- **SUPPLIED DATA**:
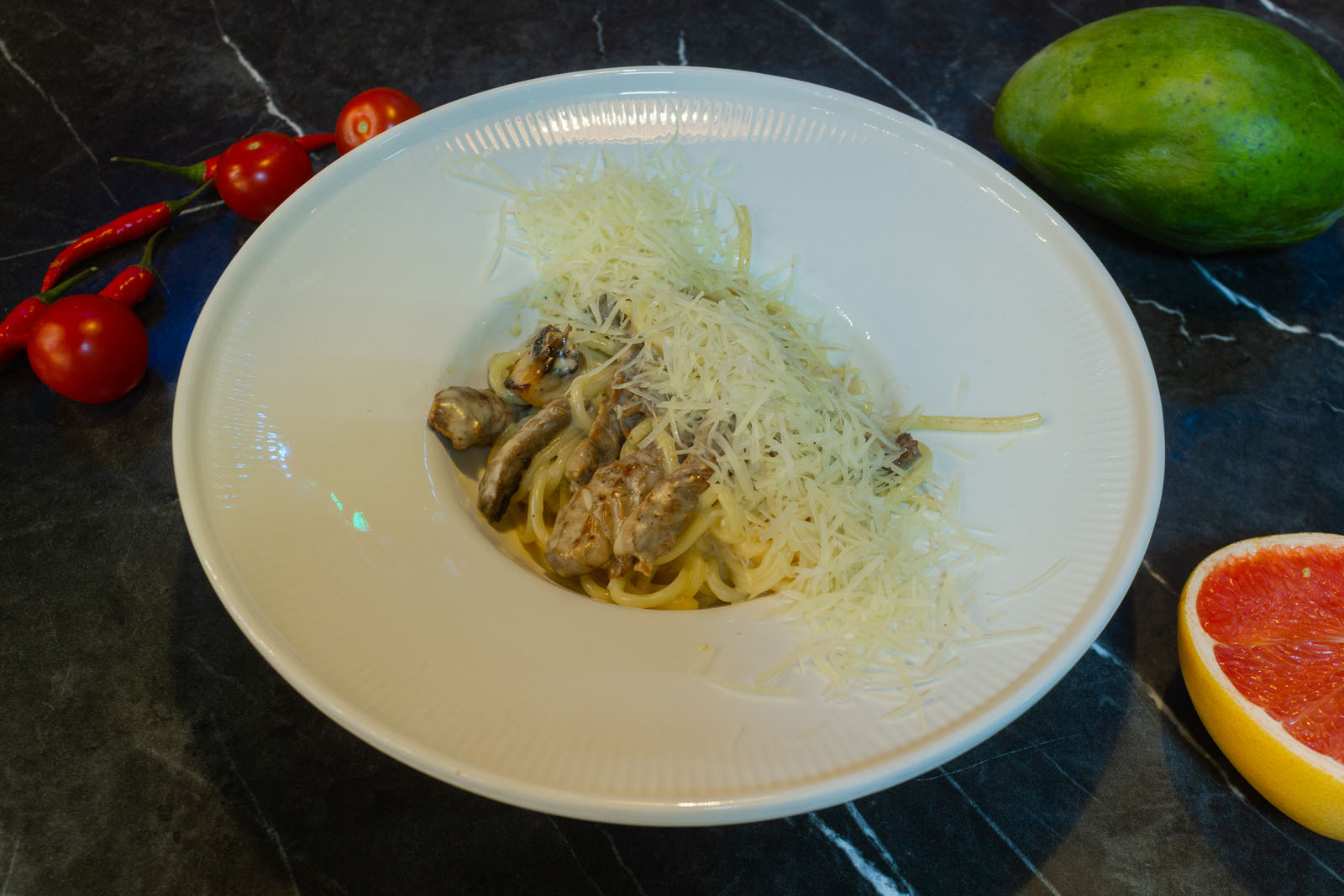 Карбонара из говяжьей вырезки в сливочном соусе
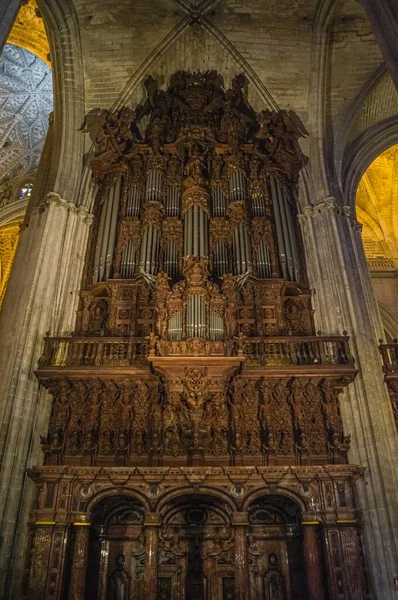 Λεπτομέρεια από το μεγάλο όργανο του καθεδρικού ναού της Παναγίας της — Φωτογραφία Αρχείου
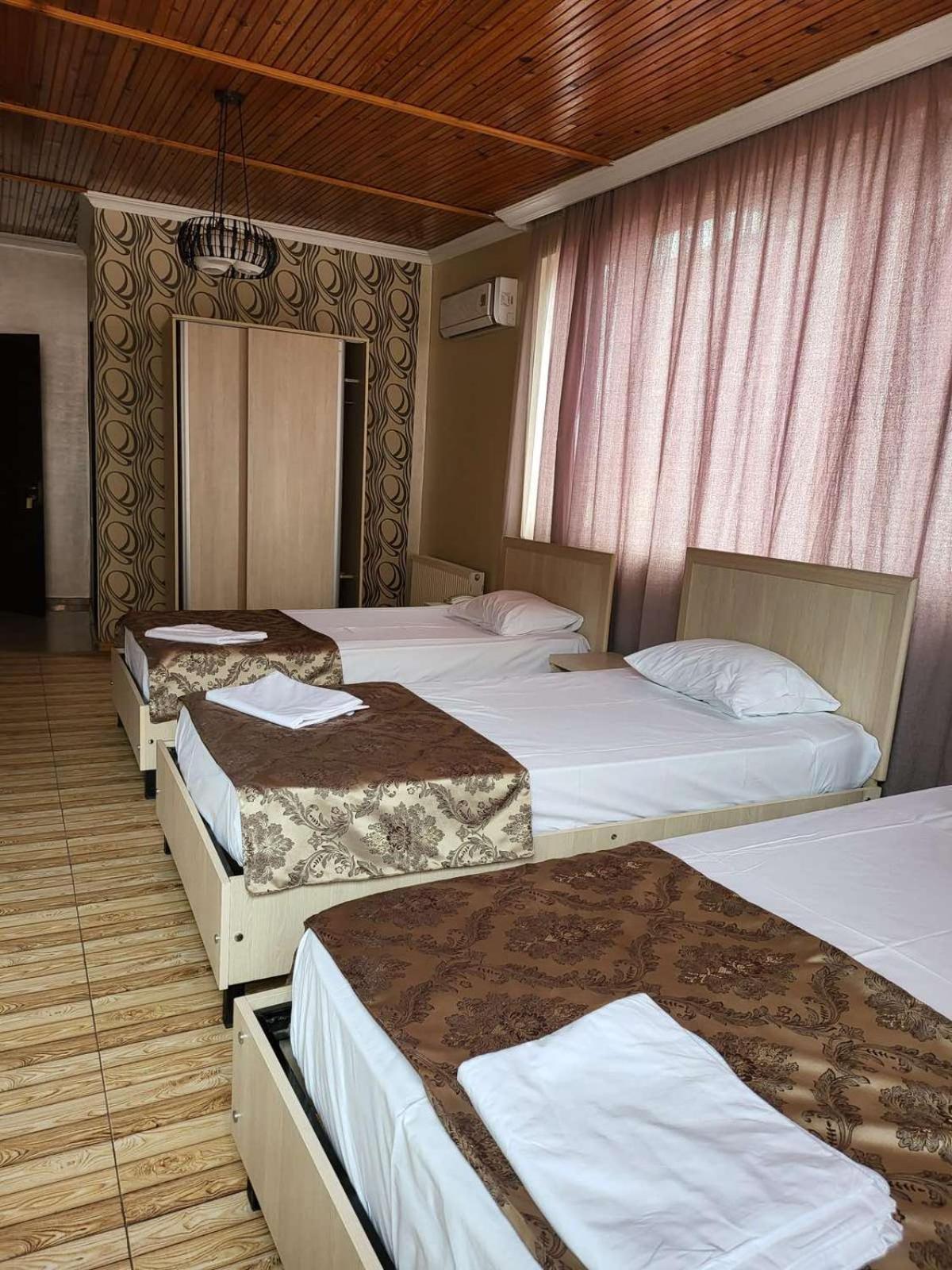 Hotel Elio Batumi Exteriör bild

- **WHAT YOU HAVE TO DO**:
Pictures aside, the material must be written out word for word.

- **ANSWER TO THIS PROBLEM**:
 Карбонара из говяжьей вырезки в сливочном соусе
 Λεπτομέρεια από το μεγάλο όργανο του καθεδρικού ναού της Παναγίας της — Φωτογραφία Αρχείου
 Hotel Elio Batumi Exteriör bild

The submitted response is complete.